Contudo, mesmo que tenhamos
crescido num ambiente emocionalmente saudável e que a nossa capacidade de lidar
com as emoções seja até bastante ajustada, haverá muitos momentos,
demasiado difíceis e inesperados, em que precisaremos sempre de contenção
externa. Nem sempre estamos capazes de aguentar sozinhos todos os desafios que
surgem cá dentro do peito. Nestas alturas, voltamos a precisar de um pouco de
"colo", como quando éramos pequeninos. Esse colo simbólico é feito da
mesma matéria que o colo físico. Disponibilidade — quem nos oiça refilar ou
“falar colorido”. Diálogo — quem nos ajude a dar nome às emoções, porque
alfabetizá-las é também contentor; as palavras contêm. Silêncio — há
olhares de entendimento e empatia que contêm. Abraços — há gestos e
toques que nos seguram, que nos mantêm inteiros. Limites — por vezes,
perante o medo de nos partirmos em pedaços, queremos agir ou fugir e precisamos
de quem nos segure e diga “não vais fazer nada nesse estado, vais respirar
fundo e pensar melhor no assunto”. Há “nãos” que contêm. No fundo, uma
contenção é sempre um limite. Uma espécie de "cerca" que nos protege,
segura e organiza, mas que não reprime. É esta sublime diferença que nos
permite transformar estados emotivos primários num pensamento mais elaborado
sobre nós mesmos, construindo e não destruindo.

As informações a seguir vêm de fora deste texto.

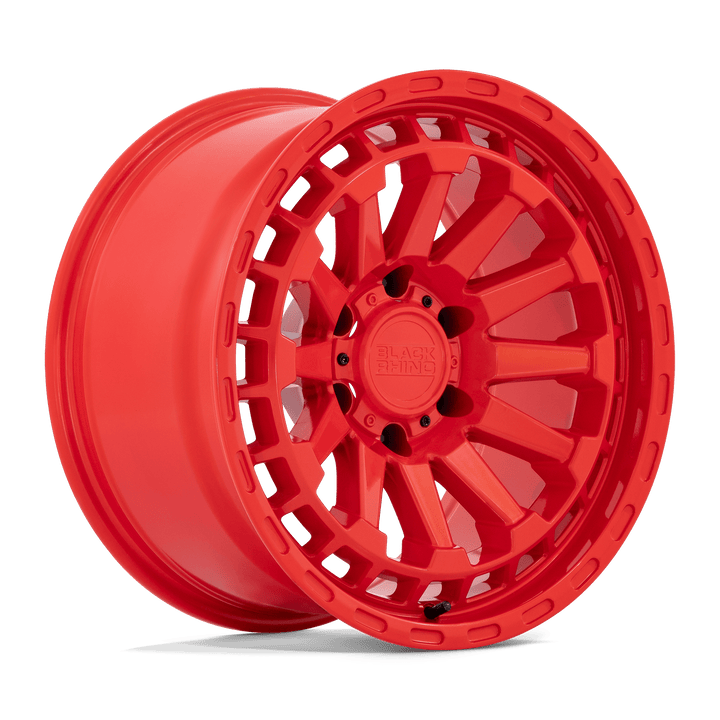 Black Rhino Hard Alloys | RAID | Gloss Red | 18X9.5 | 6X139.7 | -18mm/4.54" | 1895RAD-86140R12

E como tecto organizador de
tudo encontramos, naturalmente, a relação, isto é, o amor. A substância que
tudo cura e o único lugar onde a verdadeira contenção acontece. É a boa
relação que nos contém. É, sobretudo, o amor — bom, maduro, sensível,
firme, atento, intuitivo — dos outros por nós, que nos contém. É
o que nos lembra que estamos juntos haja o que houver. É o nosso abrigo, o
nosso colo, o nosso abraço, a nossa casa. Enquanto houver uma única pessoa
no mundo que nos queira e trate bem assim, jamais ficaremos sós.